Only if you like a driving range of 10 miles without the heater on in winter...
Ford says no.
Yes, it’s heating and cooling that limits electric car utility.
I think we are about 10-15 years away from batteries that can store enough energy to go long distances with heating/cooling on.
I’d say we are no more than 10 years from having solar power that is cheaper than fossil fuel power.
The oil kingdoms of the ME better hurry and diversify or they will be back to living in tents with their goats and camels.
Possibly.. give it another 100 to 150 years.
Bureaucrats Befuddled By America’s Auto Market
Sanity returned at a Ford Motor Co. press conference nearby. And it came from Ford CEO Alan Mulally, who channeled his inner F.A. Hayek during a question and answer session with reporters and bloggers.
“Well always make the cars and trucks that people want,” he said. “I think the automobile industry is always going to be driven by economics.”

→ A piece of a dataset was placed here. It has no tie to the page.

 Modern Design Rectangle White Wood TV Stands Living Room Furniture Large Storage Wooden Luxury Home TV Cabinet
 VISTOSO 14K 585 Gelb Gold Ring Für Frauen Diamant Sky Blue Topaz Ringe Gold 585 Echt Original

I leaned over to the guy sitting next to me to confirm what I just heard. After all, most of the press conferences and even the question and answer sessions with executives are closely scripted and lack any depth.
He went on: “The most important thing we can do is to continuously improve the internal combustion engine” because it’s going to be around “for a long time.”

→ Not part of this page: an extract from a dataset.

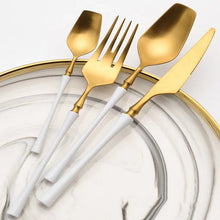 Load image into Gallery viewer, White Golden Plated Stainless Steel Flatware Set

The Future of the Internal-Combustion Engine
Despite the green hype, internal-combustion engines will keep powering vehicles for the foreseeable future.

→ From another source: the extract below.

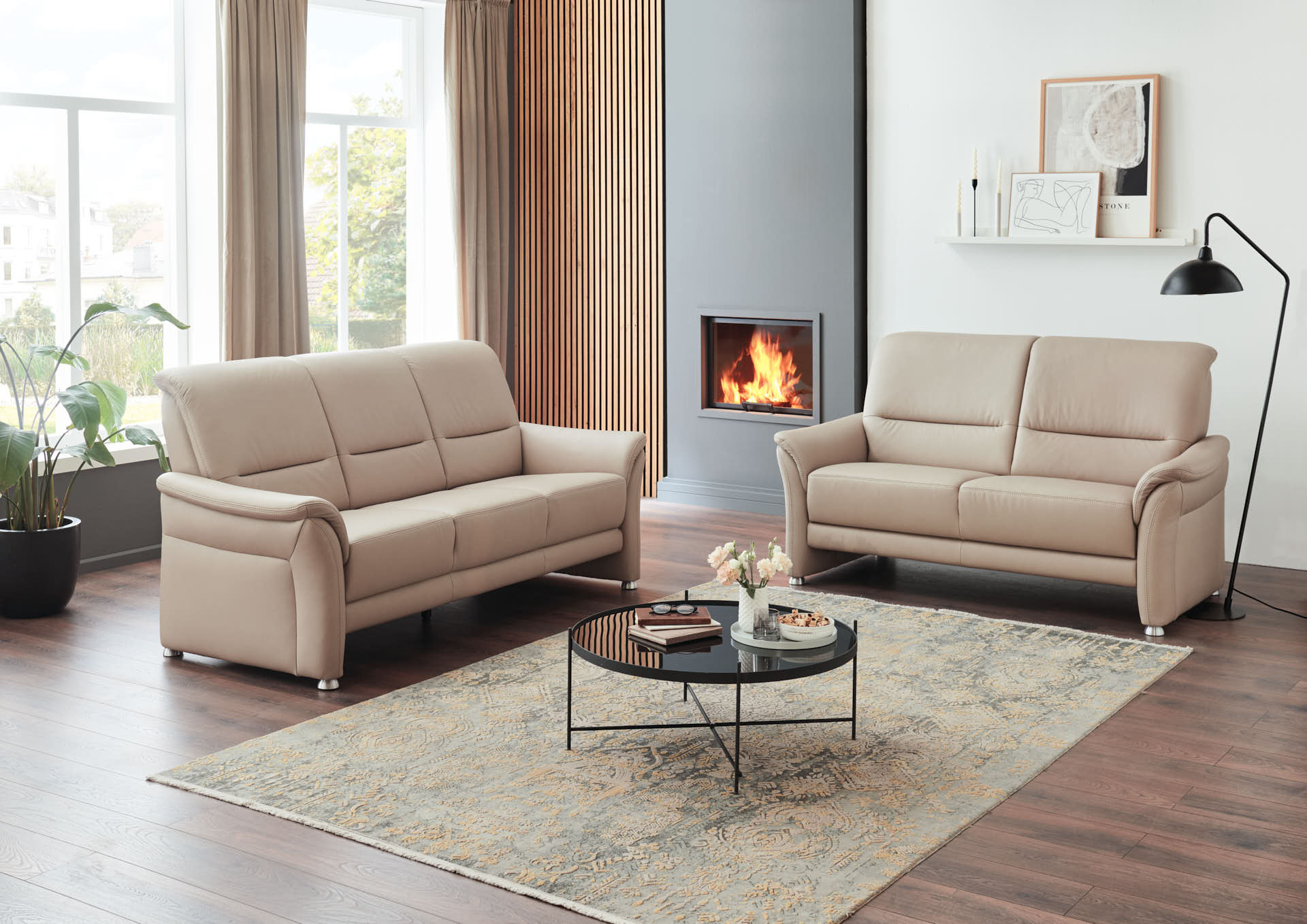 Polstergruppe PN-PF23182 in Leder Vivre pearl, Dekoration für Zuhause, Kamin, Kaffeetisch, Tabelle, Wohnzimmer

I’m sure they were asking that question in the 1900s, when electric cars were outselling internal- and external-combustion cars.
Not with today’s technology. Battery capacity, recharge time, and capacity to keep recharges over its lifetime are issues.
Oh hell Seba has been trying this push for all too long. The simple answer to the question is NO
As long as 95% of people are not allowed to own a vehicle maybe
Anything is possible, but based on the reality of what would have to happen, the chances of that happening are slim and none.
Sorry, not happening even within 50 years without some kind of major break through in storage. The break throughs in fracking and drilling are so astounding, solar doesn't stand a chance.
I'd advise you to not take bets, nor invest in any of their research companies, oh, and be a little more realistic please......
“Seba argues that the cost of both photovoltaic solar panels and large-scale batteries for energy storage in electric cars will continue to fall, to the point where using them for both energy generation and transportation is significantly cheaper than extracting and transportation carbon-based fuels to be burned.”
If it does, cool. But I bet the “cost” he is using includes subsidies.
Solar power will never be adequate to displace fossil fuels because of the basic physics involved. At noon on a sunny day in mid-summer the sun delivers 1300 watts per square metre and the best available solar panels only deliver 18% of that. That may be fine for residential use, but not industrial.
It might happen. But not in my lifetime and probably not in my kids lifetime.
I read a report the other night on the global supply of lithium to make LiIon batteries. If Tesla makes 100,000 cars per year, they pretty much exhaust the world’s production capacity of lithium. The richest lithium resources are in an ecologically sensitive area in south America which will be completely destroyed if production ramps up.
The dirty little secret of EVs.
Chemical fuels that burn oxygen beat any kind of battery all hollow right now. I wish engineers well in developing better batteries, but they are probably going to be finicky.
There is some potential market for hybrids, combo-cars that use electrical components together with generator-driving engines which are carefully tuned to do well driving the generator rather than being the prime mover of a mechanical transmission. That could squeeze a few more MPG out of gasoline and diesel fuels. Robustness is the key to widespread acceptability. Costing a king’s ransom to fix is not a way to sell cars in the long run.
When the wind don’t blow and the sun don’t shine, wind and solar power can’t make hay ...
Never happen !!!
At least currently that’s where we get lithium. More serious demand will pull in additional sources.